Julien ne savait rien au-delà. Ainsi, passant sa vie avec madame de Rênal, le silence le plus singulier s'établissait entre eux dès qu'ils étaient seuls. Dans le salon, quelle que fût l'humilité de son maintien, elle trouvait dans ses yeux un
air de supériorité intellectuelle envers tout ce qui venait chez elle. Se trouvait-elle seule un instant avec lui, elle le voyait visiblement embarrassé. Elle en était inquiète, car son instinct de femme lui faisait comprendre que cet embarras n'était nullement tendre.

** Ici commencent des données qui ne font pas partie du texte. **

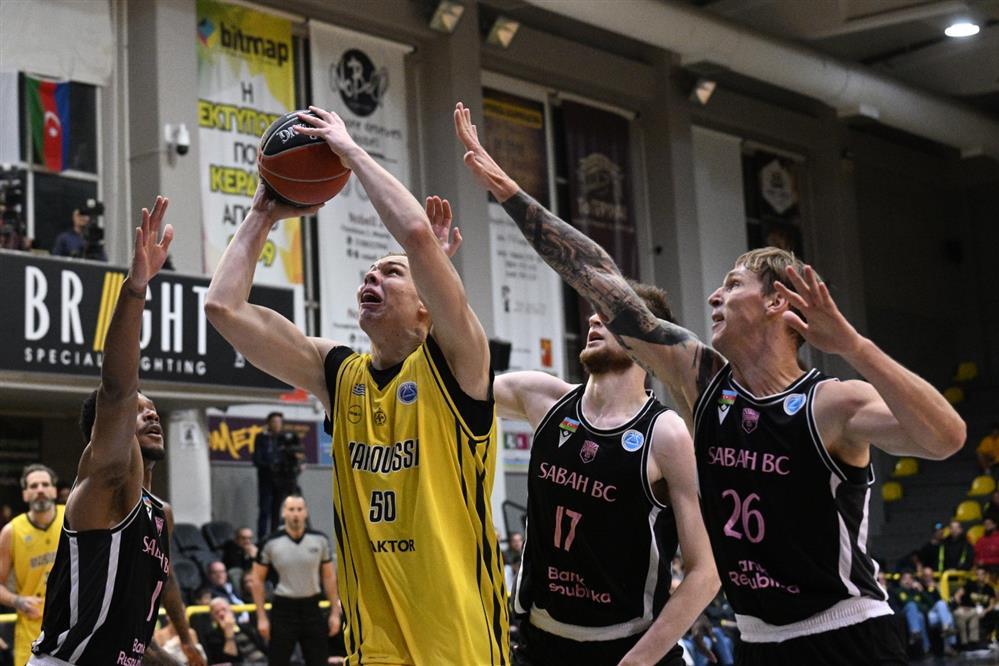 Μαρούσι - Σαμπάχ - FIBA Europe Cup Μαρούσι - Σαμπάχ - FIBA Europe Cup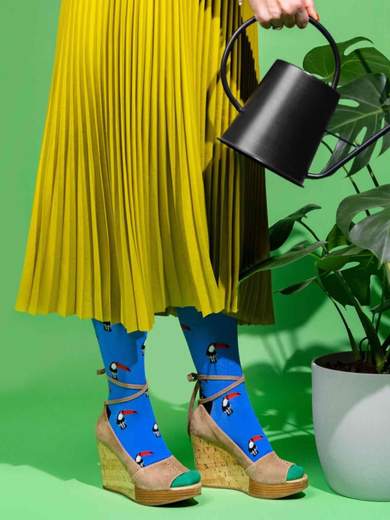 SOCKS BURGER AND FRIES SOCKS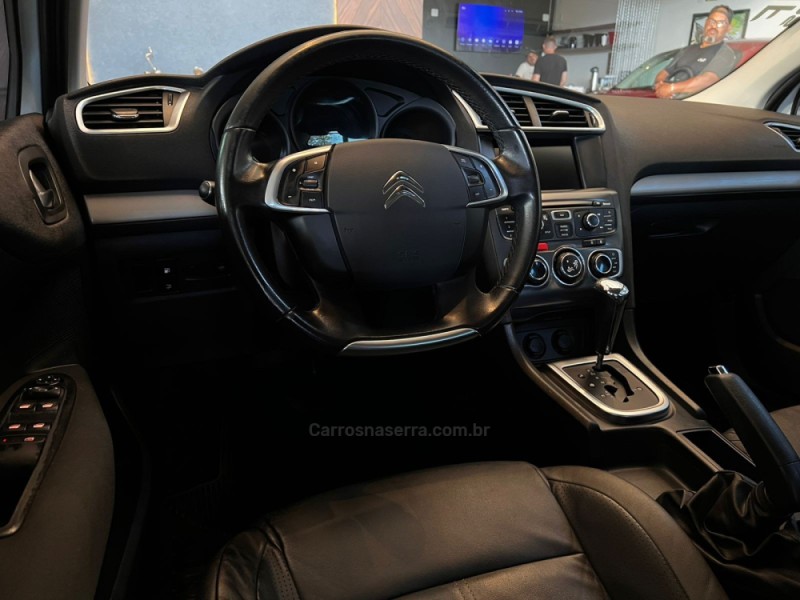 C4 LOUNGE 1.6 TENDANCE 16V TURBO FLEX 4P AUTOMÁTICO - 2015 - CAMPO BOM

D'après je ne sais quelle idée prise dans quelque récit de la bonne société, telle que l'avait
vue
le vieux chirurgien-major, dès qu'on se taisait dans un lieu où
il se trouvait avec une femme, Julien se sentait humilié comme si ce
silence eût été son tort particulier. Cette sensation était
cent fois plus pénible dans le tête-à-tête.
Son imagination
remplie des notions les plus exagérées, les plus espagnoles, sur
ce qu'un homme doit dire quand il est seul avec une femme, ne lui offrait dans
son trouble que des idées inadmissibles.
Son âme était dans
les nues, et cependant il ne pouvait sortir du silence le plus humiliant. Ainsi
son
air sévère, pendant ses longues promenades avec madame de
Rênal et les
enfants, était augmenté par les souffrances
les plus cruelles. Il se méprisait horriblement. Si par malheur il se
forçait à parler, il lui arrivait de dire les choses les plus
ridicules. Pour comble de misère, il voyait et s'exagérait son
absurdité, mais ce qu'il ne voyait pas, c'était l'expression de
ses yeux ; ils étaient si beaux et annonçaient une
âme si
ardente, que, semblables aux bons acteurs, ils donnaient quelquefois un sens
charmant à ce qui n'en avait pas. Madame de Rênal remarqua que,
seul avec elle, il n'arrivait jamais à dire quelque chose de bien que
lorsque, distrait par quelque événement imprévu, il ne
songeait pas à bien tourner un compliment. Comme les amis de la maison
ne la gâtaient pas en lui présentant des idées nouvelles et brillantes, elle jouissait avec délices des éclairs d'
esprit de Julien.
Depuis la chute de Napoléon, toute apparence de galanterie est
sévèrement bannie des murs de la province. On a peur d'être destitué. Les fripons cherchent un appui dans la congrégation ; et l'hypocrisie a fait les plus beaux progrès même dans les classes libérales. L'ennui redouble. Il ne reste d'autre plaisir que la lecture et l'agriculture.
Mme de Rênal, riche héritière d'une tante dévote mariée à seize ans à un bon gentilhomme, n'avait de sa vie éprouvé ni vu rien qui ressemblât le moins du monde à l'
amour. Ce n'était guère que son
confesseur, le bon curé
Chélan, qui lui avait parlé de l'
amour, à propos des poursuites de M. Valenod, et il lui en avait fait une image si dégoûtante, que ce mot ne lui représentait que l'idée du libertinage le plus abject. Elle regardait comme une exception, ou même comme tout à fait hors de nature, l'
amour tel qu'elle l'avait trouvé dans le très petit nombre de romans que le hasard avait mis sous ses yeux. Grâce à cette
ignorance, madame de Rênal, parfaitement heureuse, occupée sans cesse de Julien, était loin de se faire le plus petit reproche.